Il est vrai que le premier venu n'est pas nécessairement un expert, mais c'est à cela que servent les fonctionnaires. Le peuple n'a pas besoin de savoir au cent près de combien a besoin un hôpital pour fonctionner pour savoir qu'il veut qu'il fonctionne, en cela il est parfaitement qualifié pour l'exiger de l'état. Affirmer qu'il ne le devrait pas revient à dire que seuls les mécaniciens devraient être autorisés à conduire une voiture.

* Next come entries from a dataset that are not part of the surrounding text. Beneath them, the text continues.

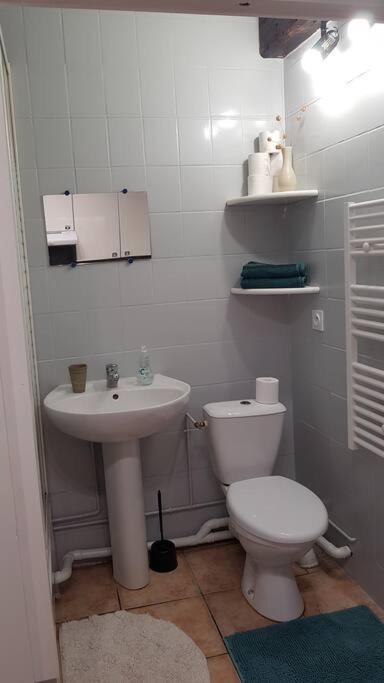 Studio Orleans Chatelet Exterior foto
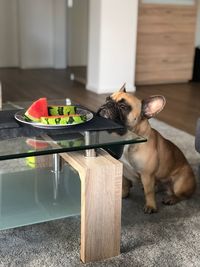 Dog looking at watermelon on table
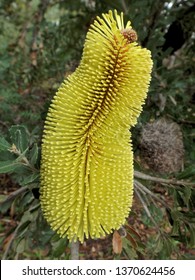 Silver Banksia (Banksia Marginata) Inflorescence, South Australia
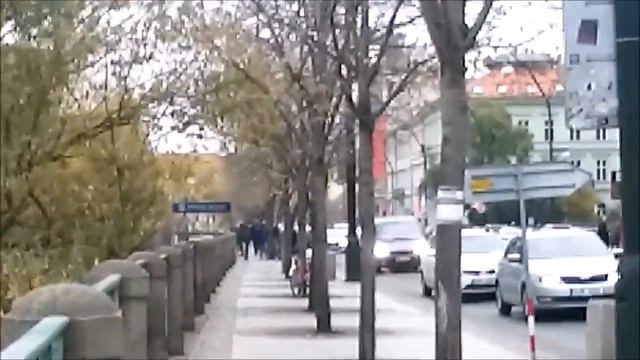 Прага , бобер в черте города , ноябрь 2018 смотреть онлайн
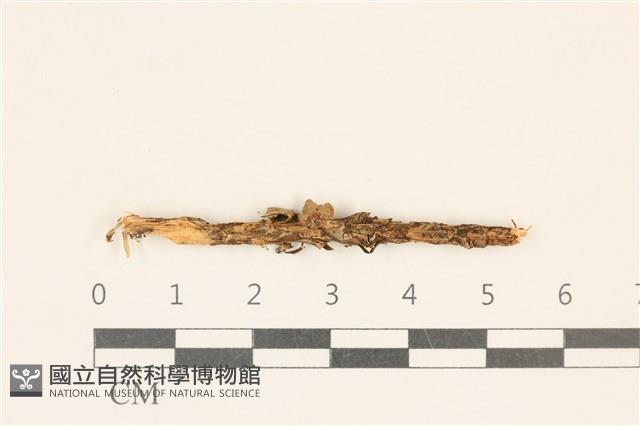 小皮傘屬藏品圖，第1張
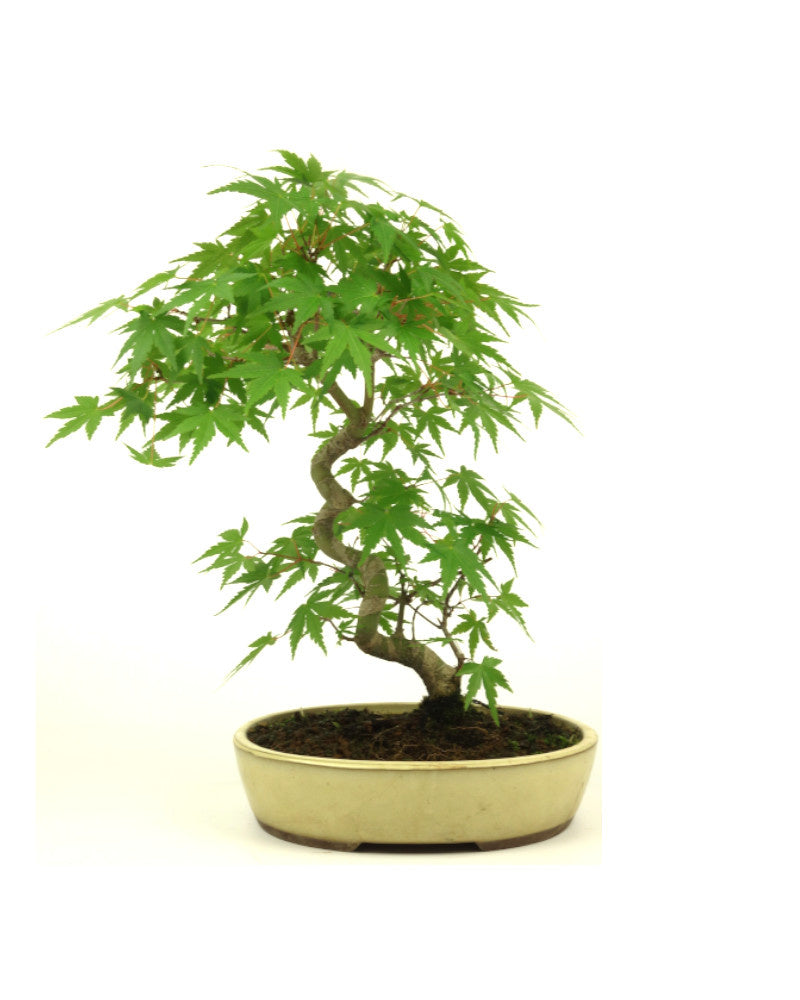 Bonsaï d'extérieur Acer palmatum pot ovale crème 20 cm, hauteur ~36 cm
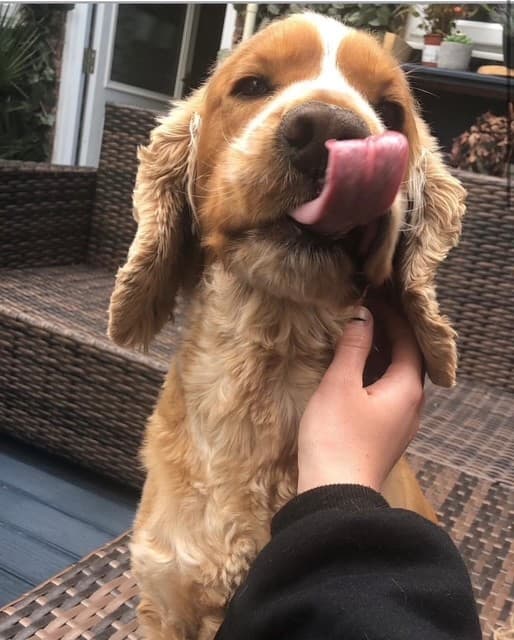 A cocker spaniel enjoying a fuss after a walk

D'ailleurs rien n'empêche les gens de s'éduquer, sans aller à l'université il est possible d'apprendre les rudiments du fonctionnement d'un état et quiconque en ressent le moindre intérêt devrait pouvoir obtenir tous les renseignements qu'il désire.

Les gouvernements élus pour une période interminable sans qu'on puisse les renvoyer s'ils sont malhonnêtes ou incompétents, qui ont la voie libre pour faire tout ce que bon leur semble et se pensent au-dessus du peuple sont une véritable farce. Nous n'avons pas choisi ce système électoral qui nous laisse un semblant de pouvoir aussi mince. Il n'y a pas de démocratie sans un véritable contrôle par le peuple. Ce pays nous appartient, à tous, ne tolérons plus qu'il soit accaparé par une minorité prétendant agir en notre nom.